EXERCISE DETAILS:
Begin with the line below holding "Fractal Design Meshify" and go on through the line holding "Innovative Materials and", duplicating each line exactly and leaving out pictures.
═══ RECORDS TO PROCESS
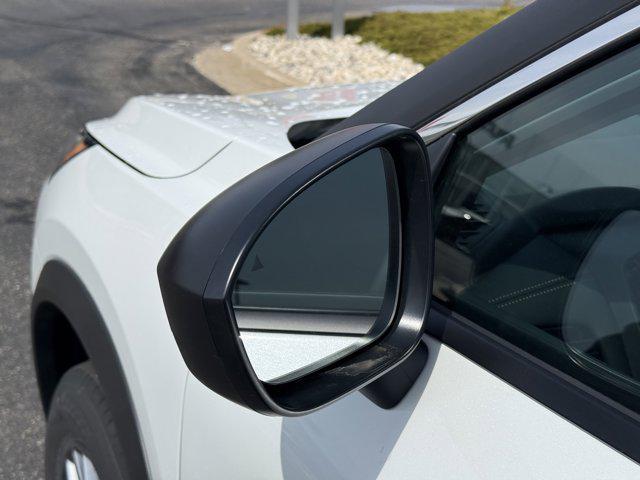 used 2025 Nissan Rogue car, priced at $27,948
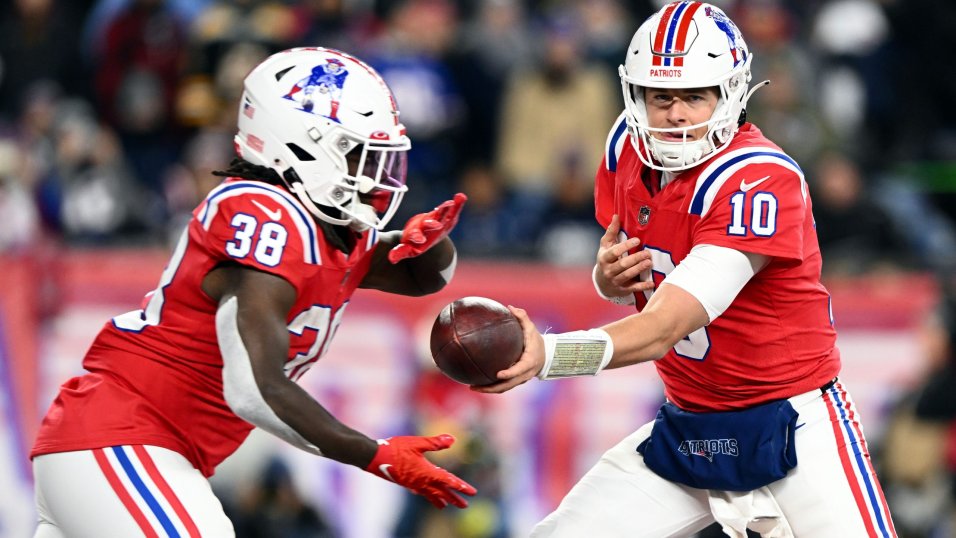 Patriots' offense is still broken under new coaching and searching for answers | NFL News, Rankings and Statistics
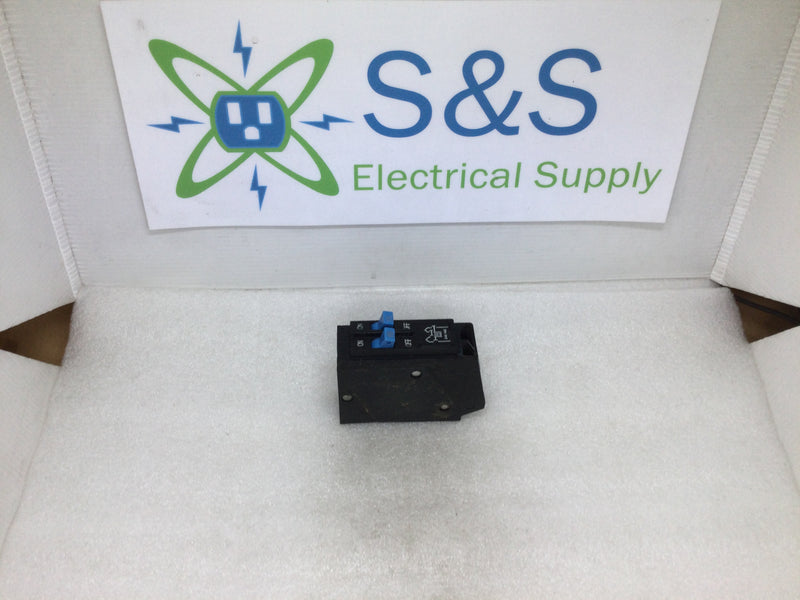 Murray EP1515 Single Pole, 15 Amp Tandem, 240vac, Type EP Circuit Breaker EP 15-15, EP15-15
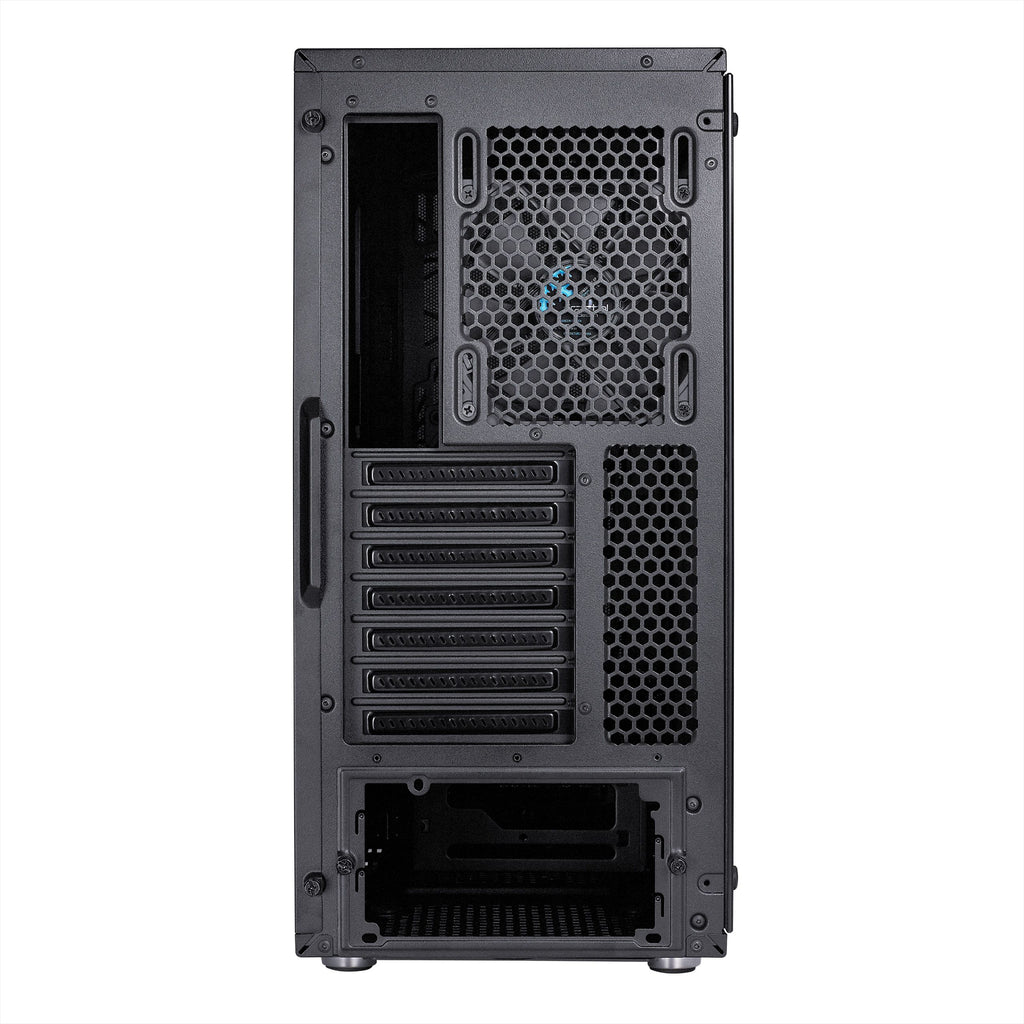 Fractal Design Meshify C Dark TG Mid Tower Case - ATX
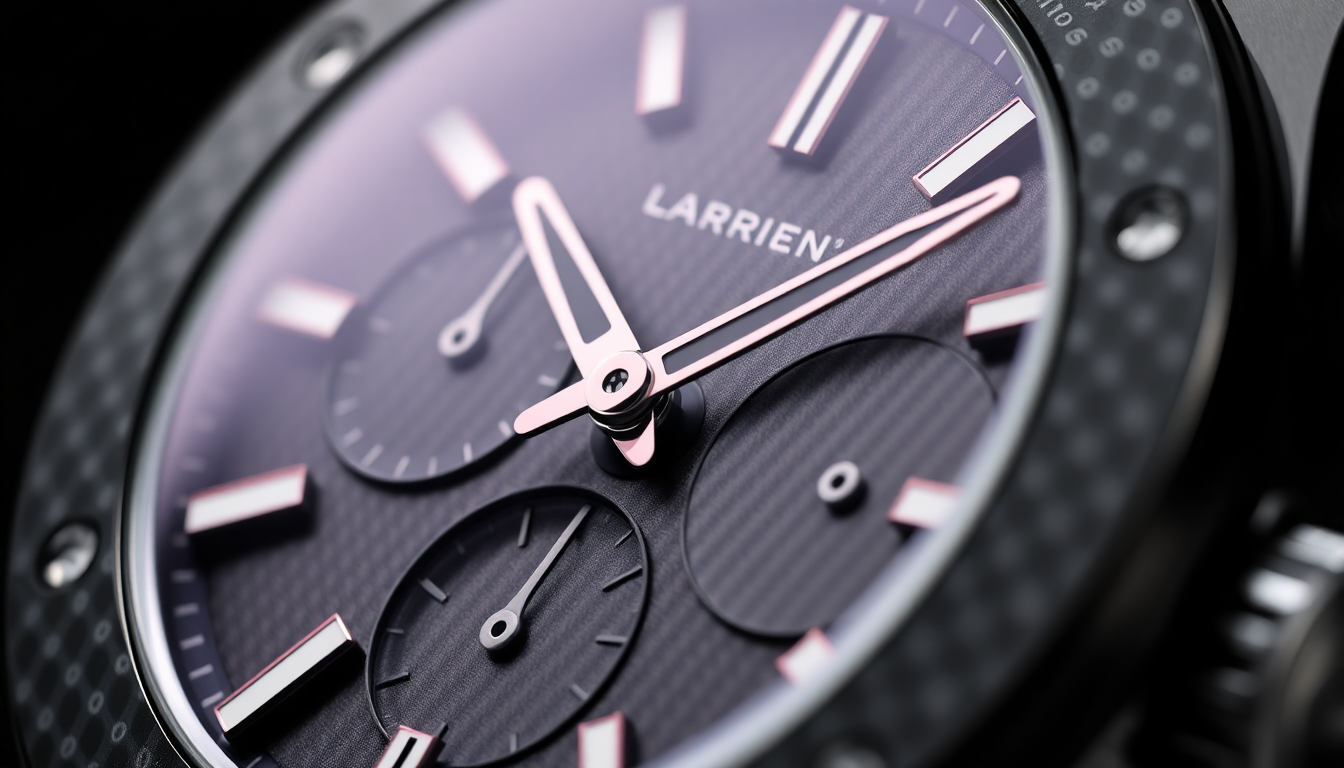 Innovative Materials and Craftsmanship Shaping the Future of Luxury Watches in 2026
══════
═══ RECORDS TO PROCESS
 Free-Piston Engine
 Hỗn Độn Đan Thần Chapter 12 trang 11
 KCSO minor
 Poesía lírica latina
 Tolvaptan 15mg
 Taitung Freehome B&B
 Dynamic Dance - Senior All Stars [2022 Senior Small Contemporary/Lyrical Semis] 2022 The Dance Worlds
══════
═══ RECORDS TO PROCESS
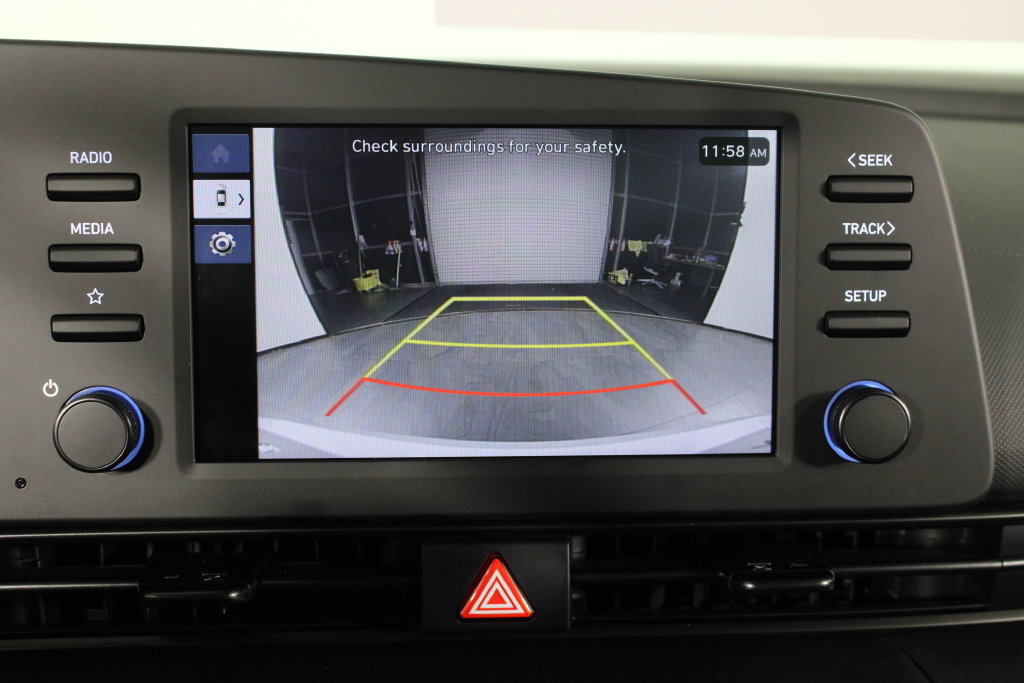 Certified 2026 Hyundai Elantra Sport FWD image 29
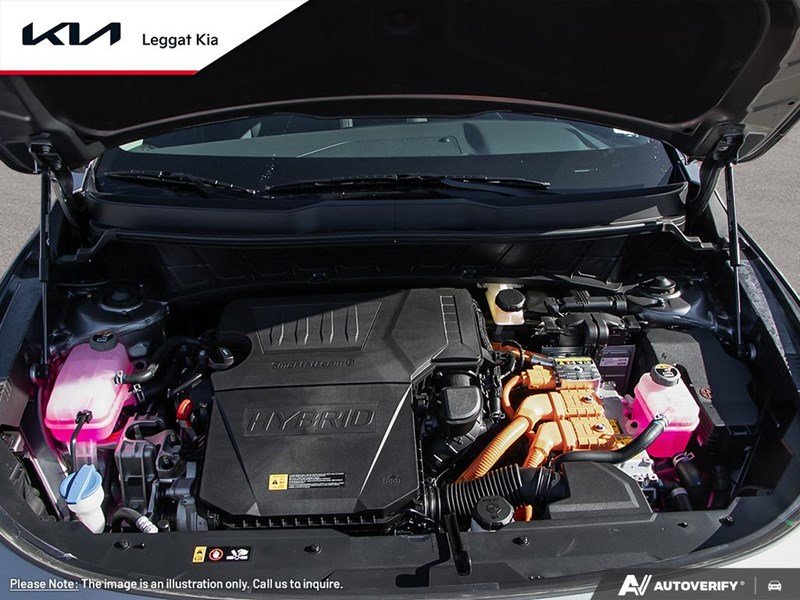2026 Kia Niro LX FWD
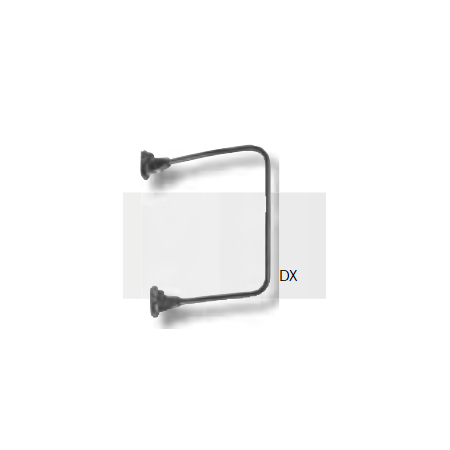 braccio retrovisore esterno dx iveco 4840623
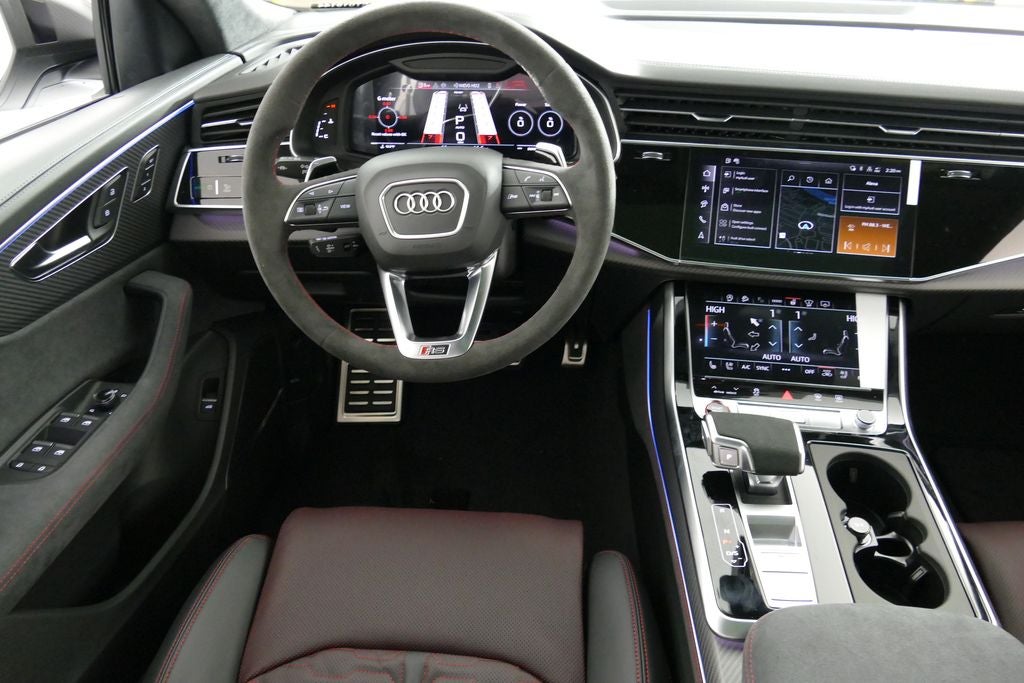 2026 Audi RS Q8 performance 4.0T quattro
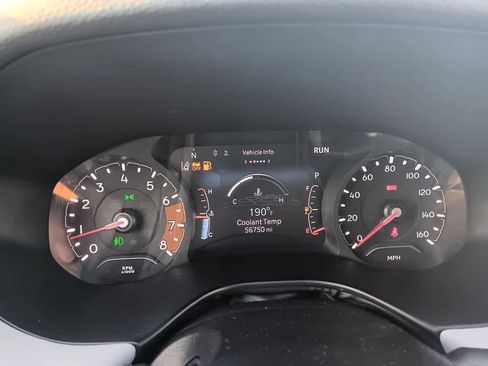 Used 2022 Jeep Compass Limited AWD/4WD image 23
══════
ANSWER BOX:
 Fractal Design Meshify C Dark TG Mid Tower Case - ATX
 Innovative Materials and Craftsmanship Shaping the Future of Luxury Watches in 2026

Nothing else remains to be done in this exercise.